··· DATA TO USE ···

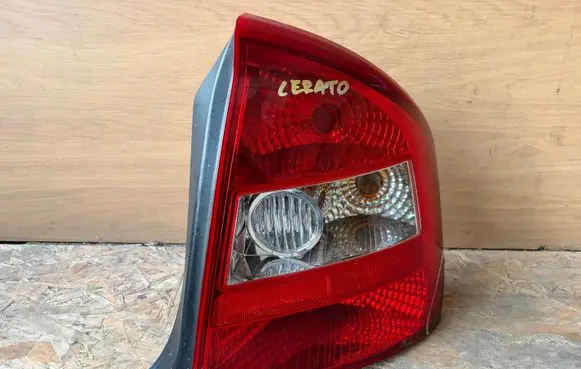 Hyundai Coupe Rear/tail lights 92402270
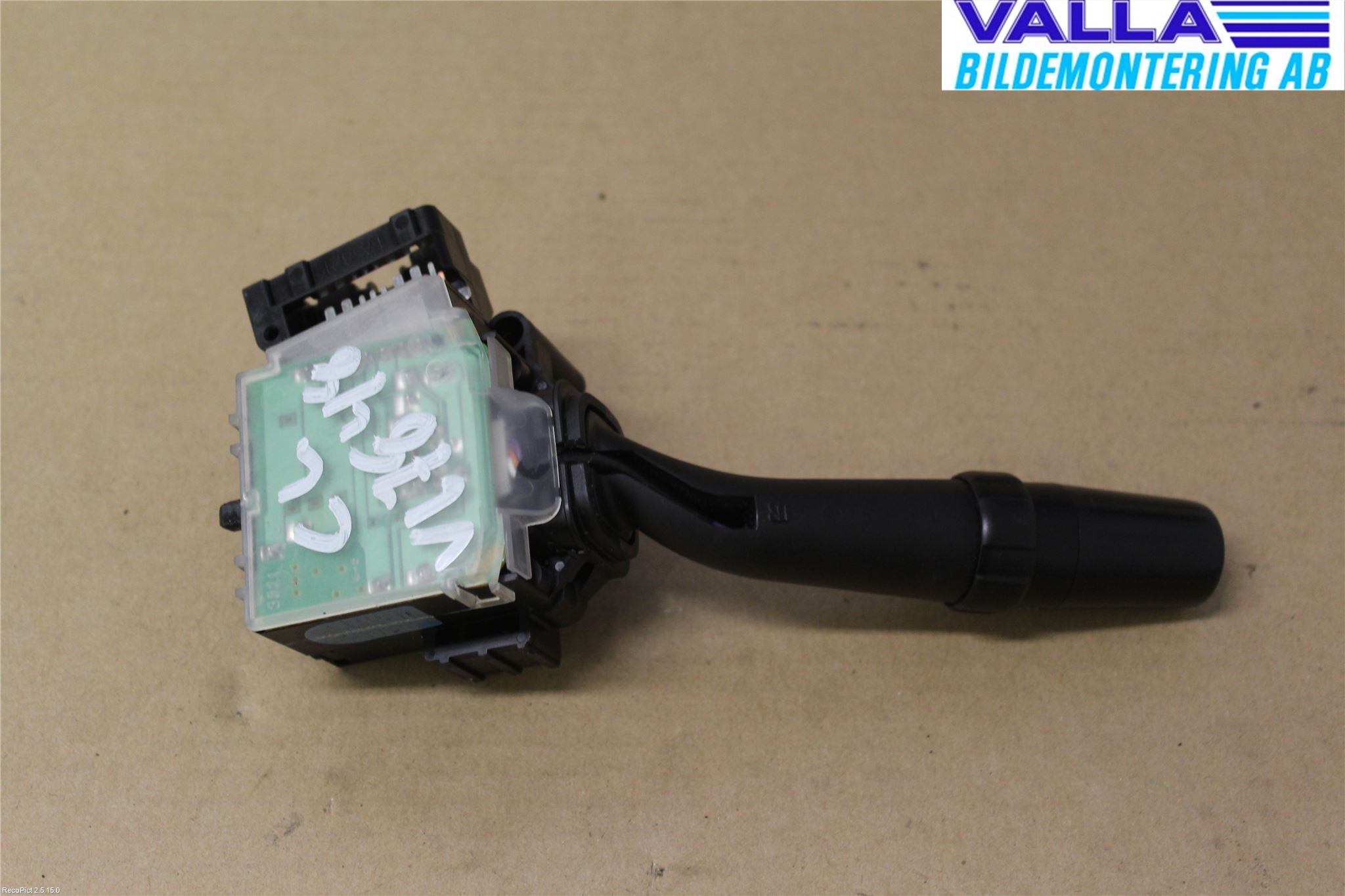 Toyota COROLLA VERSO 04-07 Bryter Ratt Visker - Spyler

···
··· DATA TO USE ···

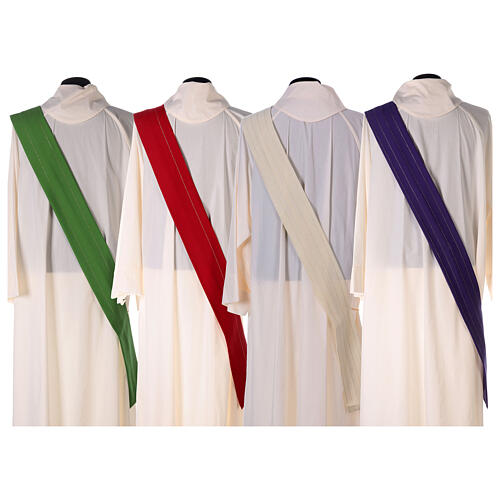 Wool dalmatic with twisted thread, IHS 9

···
··· DATA TO USE ···

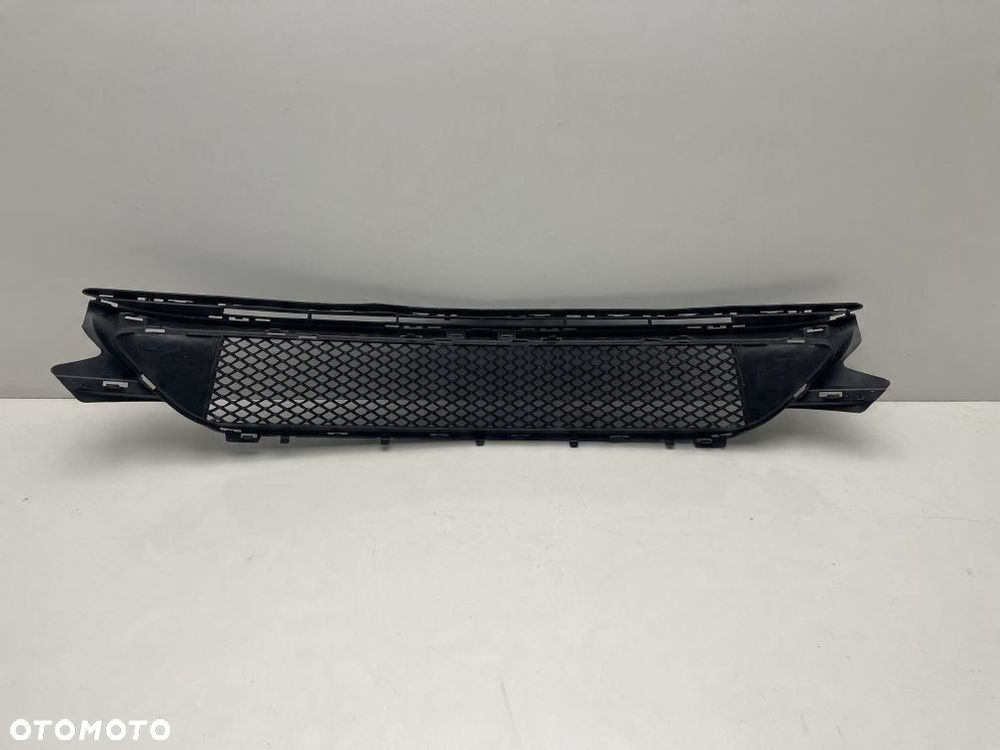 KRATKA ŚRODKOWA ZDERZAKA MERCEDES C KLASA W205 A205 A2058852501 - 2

···

# [YOUR ASSIGNMENT]
Every line from the one with "Hyundai Coupe Rear/tail lights 92402270" through the one with "Toyota COROLLA VERSO" is to be reproduced exactly as written above, and the pictures are to be dropped.

# [EXERCISE RESPONSE]
 Hyundai Coupe Rear/tail lights 92402270
 Toyota COROLLA VERSO 04-07 Bryter Ratt Visker - Spyler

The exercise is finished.